***** Provided material *****
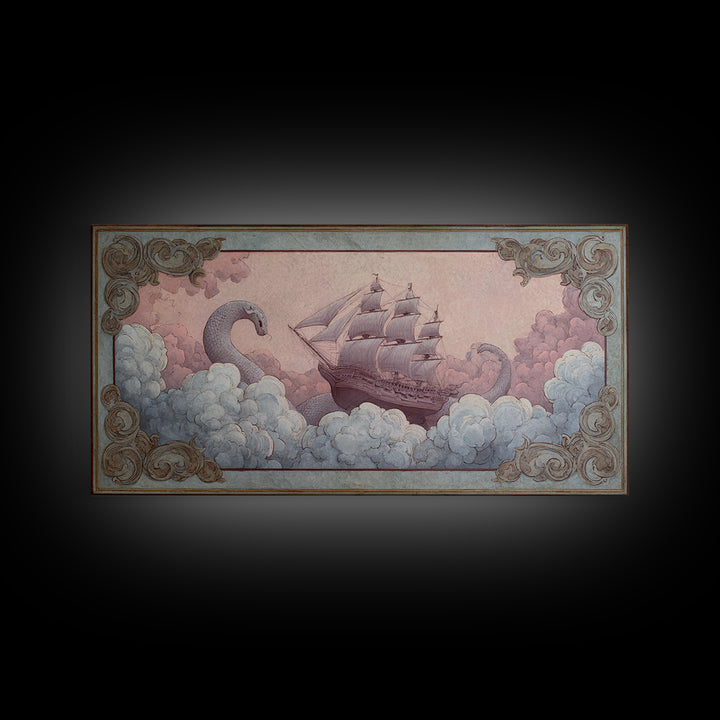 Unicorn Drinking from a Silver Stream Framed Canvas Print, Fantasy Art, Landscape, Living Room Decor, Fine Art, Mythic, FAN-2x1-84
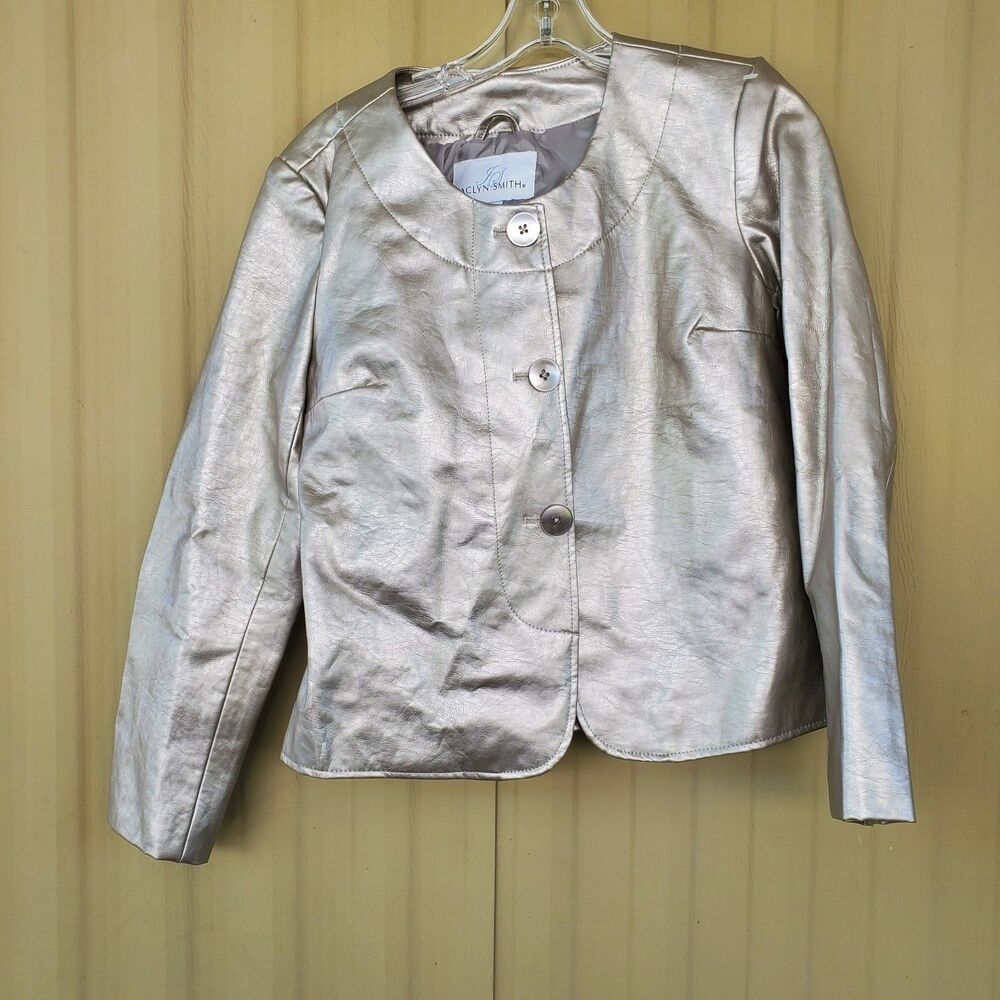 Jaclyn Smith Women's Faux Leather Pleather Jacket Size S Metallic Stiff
*****
***** Provided material *****
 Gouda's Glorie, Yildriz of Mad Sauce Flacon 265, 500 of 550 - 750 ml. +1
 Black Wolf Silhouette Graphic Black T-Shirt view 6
*****
***** Provided material *****
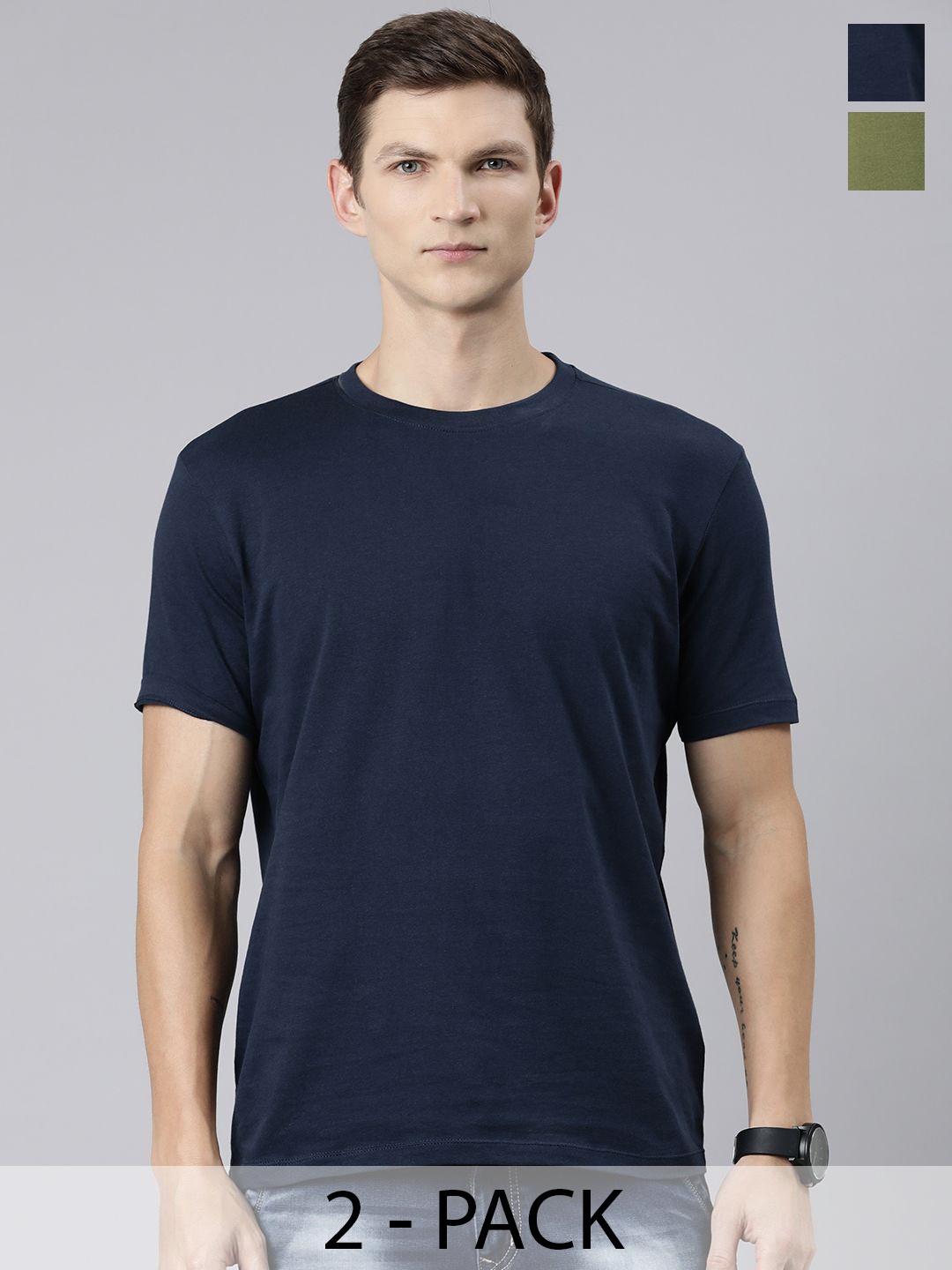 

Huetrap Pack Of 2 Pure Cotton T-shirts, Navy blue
*****
## What the task requires
Among the lines above, the one with "Unicorn Drinking from" opens the part to repeat and the one with "Jaclyn Smith Women's" closes it; repeat only that part exactly, with no pictures.

## Problem solution
 Unicorn Drinking from a Silver Stream Framed Canvas Print, Fantasy Art, Landscape, Living Room Decor, Fine Art, Mythic, FAN-2x1-84
 Jaclyn Smith Women's Faux Leather Pleather Jacket Size S Metallic Stiff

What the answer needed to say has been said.